== THE TASK ==
Copy precisely the first line of the material below and every later line, stopping with the line that contains "329 W Main St #26, Hyannis, MA 02601".

== INFORMATION SUPPLIED ==
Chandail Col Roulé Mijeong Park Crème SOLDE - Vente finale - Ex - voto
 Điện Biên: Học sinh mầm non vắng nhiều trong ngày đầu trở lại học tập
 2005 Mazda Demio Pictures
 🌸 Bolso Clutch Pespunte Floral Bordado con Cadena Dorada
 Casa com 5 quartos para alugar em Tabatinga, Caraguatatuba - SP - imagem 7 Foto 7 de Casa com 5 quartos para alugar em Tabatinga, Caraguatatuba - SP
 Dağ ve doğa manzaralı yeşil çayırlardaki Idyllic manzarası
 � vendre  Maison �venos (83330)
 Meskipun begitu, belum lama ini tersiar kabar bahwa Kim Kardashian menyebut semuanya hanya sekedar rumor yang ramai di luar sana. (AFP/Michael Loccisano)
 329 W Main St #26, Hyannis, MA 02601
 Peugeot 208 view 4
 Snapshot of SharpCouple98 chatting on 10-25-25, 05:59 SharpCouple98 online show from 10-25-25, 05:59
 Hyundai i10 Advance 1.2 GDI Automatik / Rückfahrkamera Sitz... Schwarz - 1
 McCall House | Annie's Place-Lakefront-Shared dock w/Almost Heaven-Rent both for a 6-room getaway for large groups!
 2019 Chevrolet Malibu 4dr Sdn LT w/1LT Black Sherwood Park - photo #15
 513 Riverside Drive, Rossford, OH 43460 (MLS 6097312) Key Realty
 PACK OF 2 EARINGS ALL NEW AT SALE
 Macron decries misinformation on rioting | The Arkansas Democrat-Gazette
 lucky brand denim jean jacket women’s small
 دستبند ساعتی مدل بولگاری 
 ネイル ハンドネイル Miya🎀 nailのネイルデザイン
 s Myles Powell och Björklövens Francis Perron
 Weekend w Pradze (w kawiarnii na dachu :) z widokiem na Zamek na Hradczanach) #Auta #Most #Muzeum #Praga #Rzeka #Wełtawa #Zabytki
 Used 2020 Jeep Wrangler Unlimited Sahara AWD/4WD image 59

== EXERCISE RESULT ==
Chandail Col Roulé Mijeong Park Crème SOLDE - Vente finale - Ex - voto
 Điện Biên: Học sinh mầm non vắng nhiều trong ngày đầu trở lại học tập
 2005 Mazda Demio Pictures
 🌸 Bolso Clutch Pespunte Floral Bordado con Cadena Dorada
 Casa com 5 quartos para alugar em Tabatinga, Caraguatatuba - SP - imagem 7 Foto 7 de Casa com 5 quartos para alugar em Tabatinga, Caraguatatuba - SP
 Dağ ve doğa manzaralı yeşil çayırlardaki Idyllic manzarası
 � vendre  Maison �venos (83330)
 Meskipun begitu, belum lama ini tersiar kabar bahwa Kim Kardashian menyebut semuanya hanya sekedar rumor yang ramai di luar sana. (AFP/Michael Loccisano)
 329 W Main St #26, Hyannis, MA 02601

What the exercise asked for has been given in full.